L3Harris is based in Harrisonburg, and its proposal includes a shared system with the City of Harrisonburg and Rockingham County. Motorola is a larger company, but could not match Harris’ guarantee to respond to problems within two hours and fix them within four.

Motorola guaranteed 95-percent coverage across the board, while L3Harris offered 95 percent in the towns and 94 percent on portables — but only 90 percent on mobiles. Harris also stated they would add an additional tower site, at their own expense, in order to meet guaranteed coverage levels.

Another point of discussion among supervisors was the pros and cons of a shared system versus an independent system. A shared system could help reduce maintenance costs over the longterm, while being independent would mean not being subject to the will of a larger, and more heavily invested, jurisdiction.

“I have preliminarily reached out to them, and they are willing to talk to us,” Moler told supervisors. “[Rockingham] also has coverage issues in the same area we do, so it would benefit them as well.”

In December 2018, the board of supervisors approved a $5.4 million contract with Motorola for its radio systems upgrade, which included a shared system with Shenandoah County. However, when Page officials sat down with Shenandoah officials they declined to participate, and the Motorola contract was rescinded in February 2019.

Currently, Rockingham County and the City of Harrisonburg to the west, and Rappahannock County to the east, operate under the same 700/800MHz system that Page County voted to go with this week. However, if supervisors had chosen the Motorola option, they would potentially be using UHF and VHF systems similar to Warren, Madison and Shenandoah counties.

The variety of systems in the region left local decision makers with options.

“You are an interesting case because you have a little bit of everything around you,” Giggett told supervisors. “If you were surrounded all by the same thing, it wouldn’t make any sense to put you on an island.”

The Luray Volunteer Fire Department was the lone voice for Motorola among 10 emergency agencies in the county weighing in on the topic before the vote. Their main concern was coverage.

“At a recent meeting of the Luray Fire Department Inc., the proposals for the new radio system were discussed at great lengths.
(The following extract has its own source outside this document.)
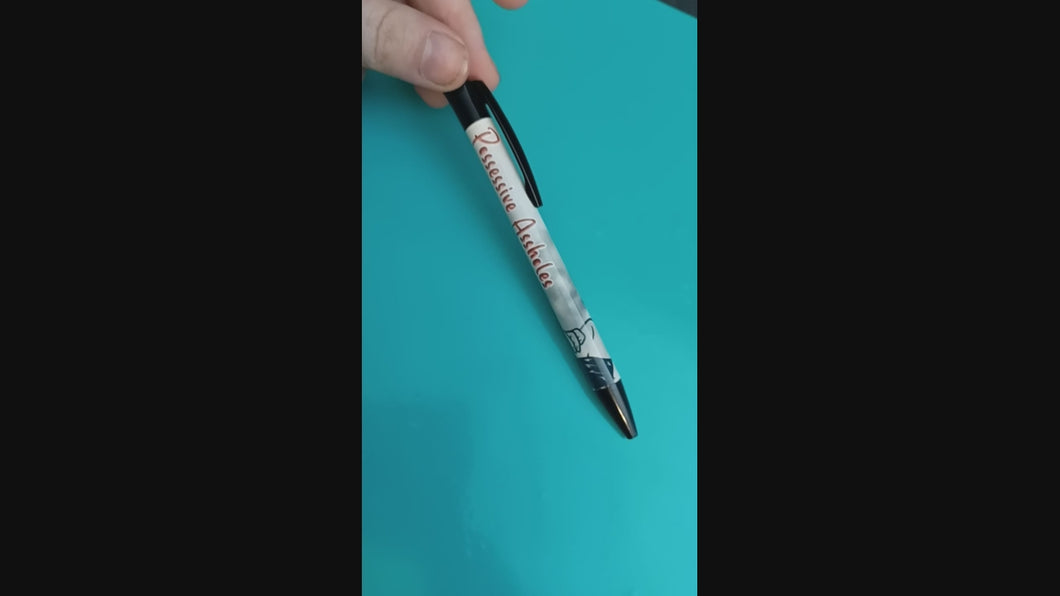 Possesive assholes are my weakness Pens Red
Due to the mountainous terrain in Page County and multiple documented failures nationwide of 700/800MHz systems, the Luray Fire Department is not in favor of any 700/800MHZ system,” a letter the department sent to the supervisors and Moler stated. “The membership unanimously recommended staying on our current frequencies in a UHF (Ultra High Frequency) system.”
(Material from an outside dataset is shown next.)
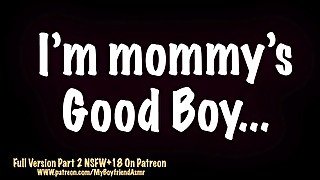 You make Nervous Sub your good boy Submissive Msub Male Moaning Sexy moans Boyfriend Voice Asmr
While 700/800MHz systems do require more “line of site” to operate — and local topography works against that — the county’s consultant assured supervisors that the planned location of tower sites would provide the coverage that they are requiring.

“All these mountains surrounding you really are beautiful, but that’s what makes it difficult…100 percent [coverage] is not achievable, but typically you get a few percentage points more than you are offered,” Giggett said. “Typically UHF and VHF would be better because of the terrain, but because of where the [tower] sites will be located, this 700/800MHz system will provide the coverage you need.”
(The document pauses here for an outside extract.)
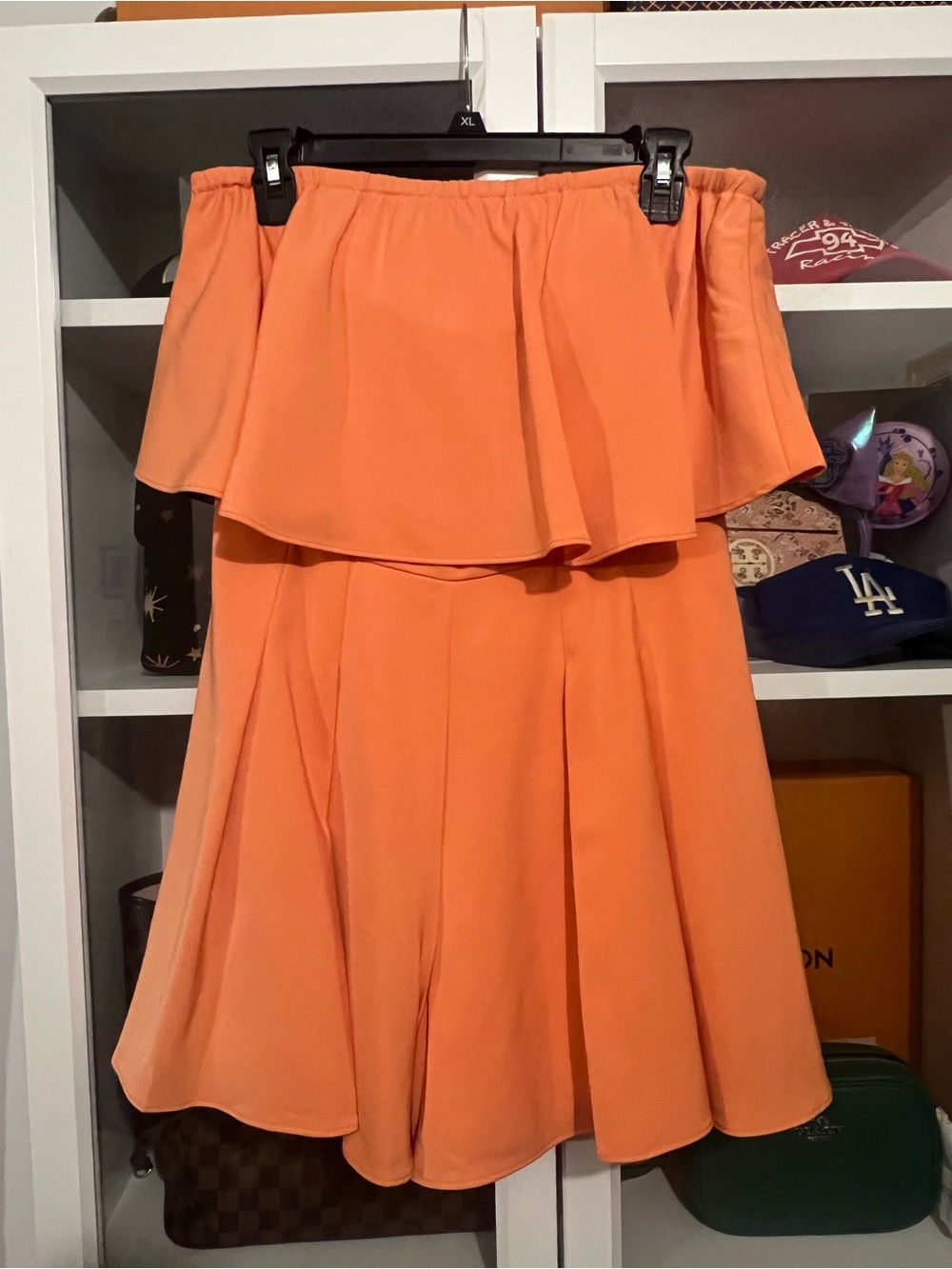 Sugar Lips Orange Romper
Securing preliminary site approval from property owners at the tower sites will be a key part of negotiations, as well as many other details still to be worked out. Those details could range from aspects of the shared system arrangement with Rockingham County, to the selection of diesel versus propane generators.

The proposals offered by both vendors were only good through March 31. Feeling the pressure to lock in the price for a long-discussed project that has doubled in cost, the supervisors decided to move forward.

“We can kick the ball around as much as you want,” Supervisor Jeff Vaughan (Dist. 5) said, “but I think we need to go ahead and make a decision.”

The process began with a Critical Needs Assessment in 2017 that addressed new mandates affecting localities all across the state.

The next step for Page will be negotiations with Rockingham and Harrisonburg prior to starting actual construction. Supervisors earmarked $397,000 in the current budget to cover the first phase of the radio replacement project.